Der gegenwärtige Zeitpunkt erfordert ein Umdenken in der Unternehmensstrategie und lädt zu proaktivem Handeln ein. Die Vorteile sind durch eine TÜV-Befragung belegt: Eine durchdachte Nachhaltigkeitsberichterstattung steigert nicht nur die Energieeffizienz und generiert Kosteneinsparungen, sondern trägt auch zur Verbesserung des Unternehmensimages bei und erhöht die Attraktivität für Mitarbeiter und Investoren. Darüber hinaus erleichtert ein verantwortungsvoller Umgang mit Ressourcen und die Reduktion von Abfall die Positionierung der Unternehmen als bevorzugte Partner innerhalb von Lieferketten.

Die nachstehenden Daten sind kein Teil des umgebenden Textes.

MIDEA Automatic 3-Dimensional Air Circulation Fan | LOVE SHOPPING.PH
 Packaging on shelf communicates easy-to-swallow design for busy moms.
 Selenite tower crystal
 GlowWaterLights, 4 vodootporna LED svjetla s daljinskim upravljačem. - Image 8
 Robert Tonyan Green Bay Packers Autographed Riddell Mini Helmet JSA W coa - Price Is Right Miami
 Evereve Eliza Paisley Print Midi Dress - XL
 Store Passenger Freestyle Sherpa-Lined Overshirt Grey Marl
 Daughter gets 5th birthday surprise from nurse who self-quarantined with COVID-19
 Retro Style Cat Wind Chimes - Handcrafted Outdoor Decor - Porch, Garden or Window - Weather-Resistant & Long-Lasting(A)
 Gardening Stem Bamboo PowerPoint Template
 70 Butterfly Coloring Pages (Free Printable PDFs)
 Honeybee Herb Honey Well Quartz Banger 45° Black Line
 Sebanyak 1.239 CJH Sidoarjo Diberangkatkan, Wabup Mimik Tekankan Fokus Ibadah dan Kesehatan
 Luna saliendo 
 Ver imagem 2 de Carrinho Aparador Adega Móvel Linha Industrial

Es bietet einen bedeutenden Vorteil, sich bereits jetzt intensiv mit den neuen Bestimmungen auseinanderzusetzen. Unternehmen, die ihre spezifischen Herausforderungen erkennen werden in der Lage sein, nicht nur zeitgerecht auf die CSRD zu reagieren, sondern auch ihre Marktposition zu festigen und ihr Engagement für Nachhaltigkeit sichtbar zu machen. Für KMU stellt die Industrie- und Handelskammer München (IHK München) eine wertvolle Unterstützung bereit: Eine praxisorientierte Arbeitshilfe, die als Leitfaden für die Implementierung eines wirksamen Nachhaltigkeitsberichtswesens dient und Firmen beim Übergang in eine Ära gesteigerter Unternehmensverantwortung unterstützt.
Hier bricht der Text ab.